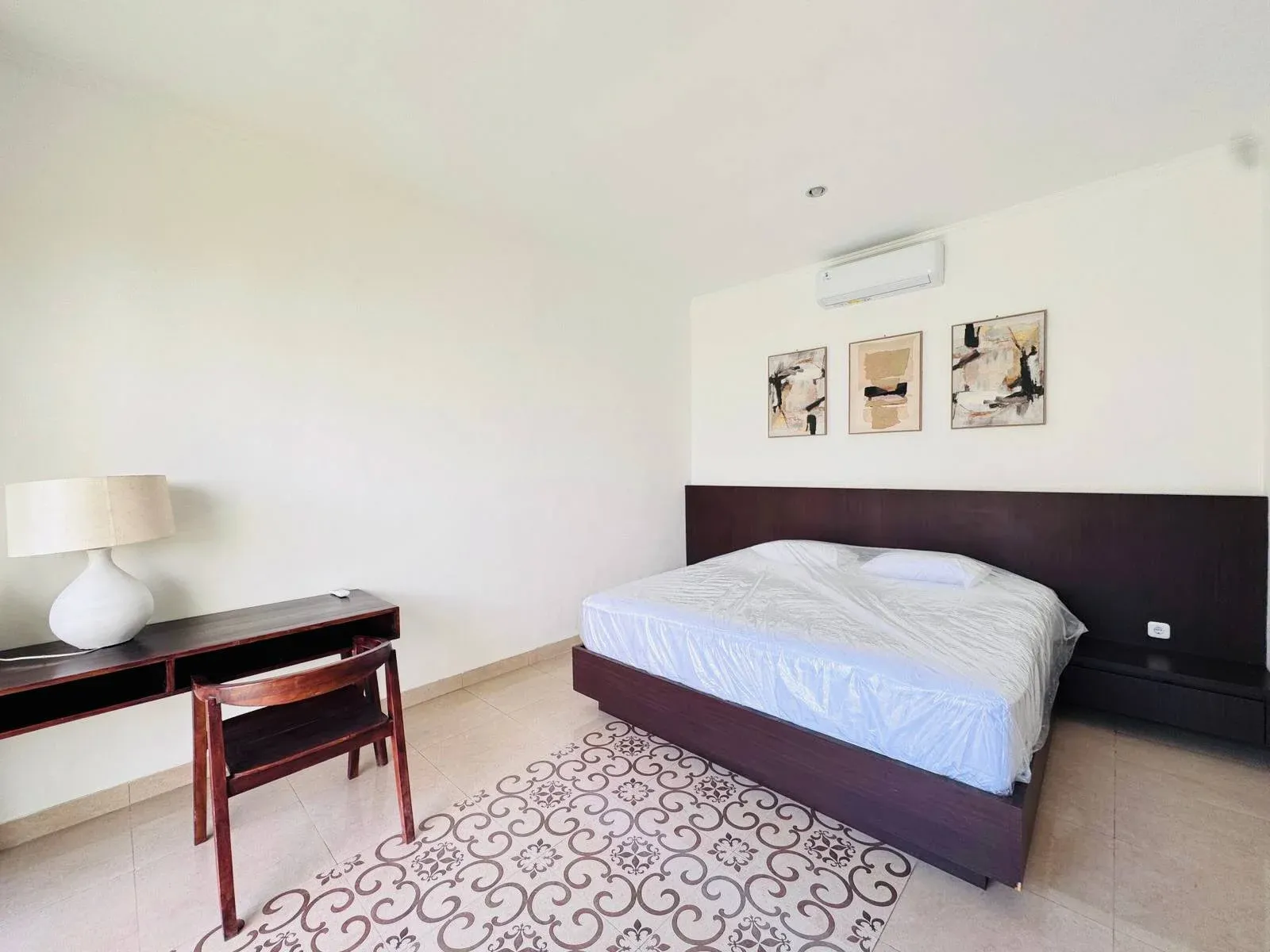 2-Bedroom Modern Villa Walking Distance to Berawa Beach — image 3
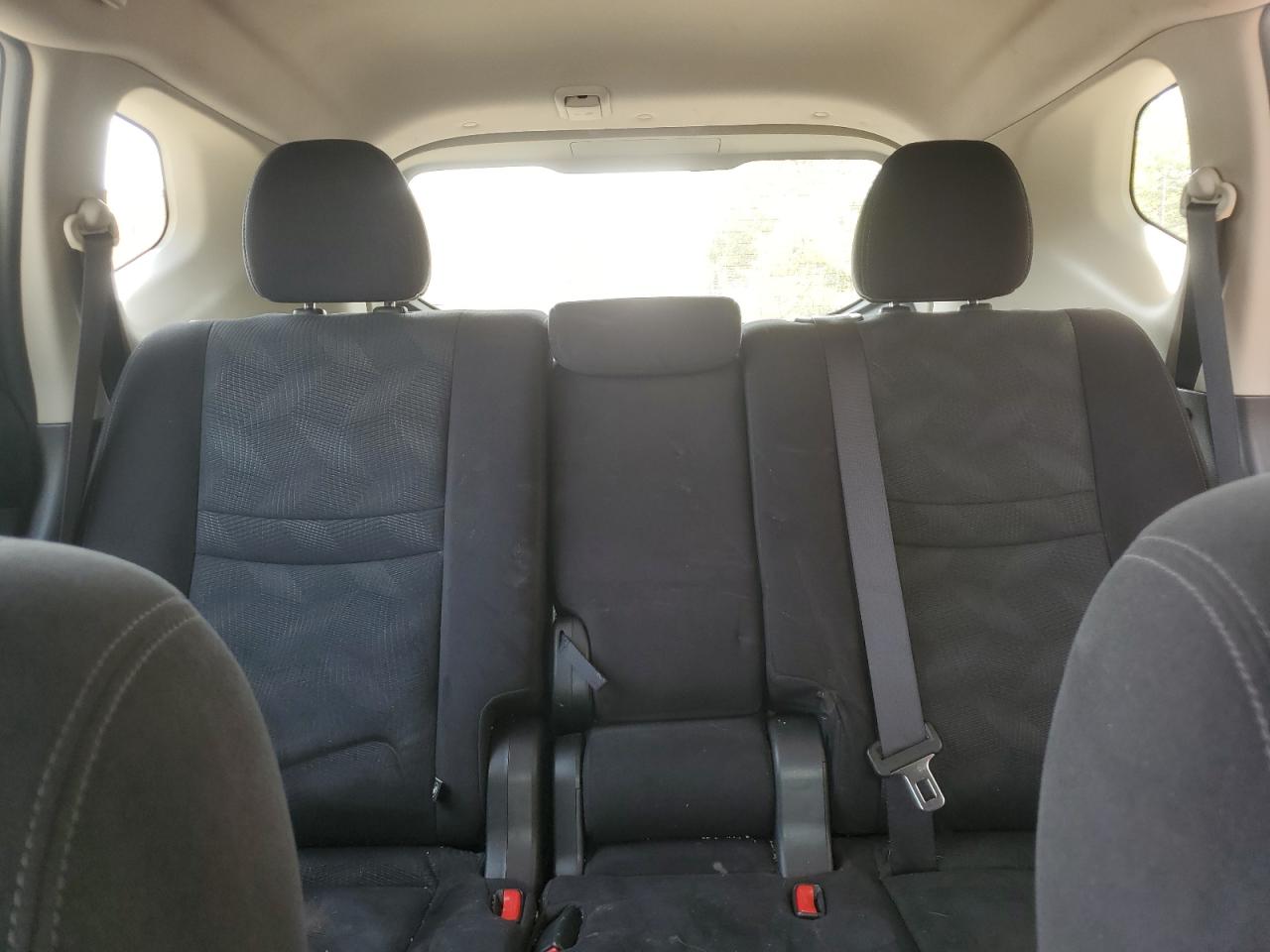 2016 Nissan Rogue S VIN: JN8AT2MT3GW021836 Lot: 80883065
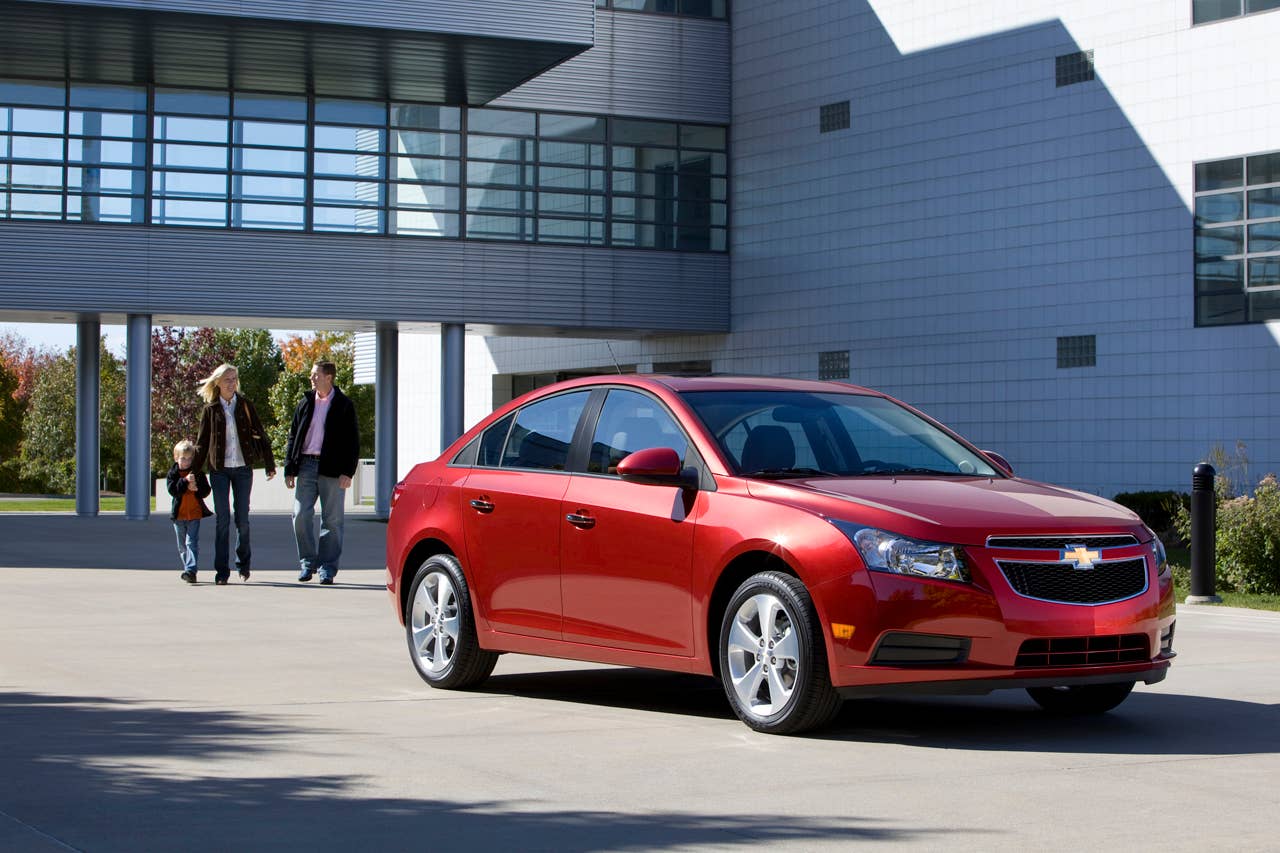 2011 Chevrolet Cruze. X11CH_CZ011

TASK TO COMPLETE. Quote all the lines above exactly as given. Do not include the pictures.

SOLUTION TO THE PROBLEM.
 2-Bedroom Modern Villa Walking Distance to Berawa Beach — image 3
 2016 Nissan Rogue S VIN: JN8AT2MT3GW021836 Lot: 80883065
 2011 Chevrolet Cruze. X11CH_CZ011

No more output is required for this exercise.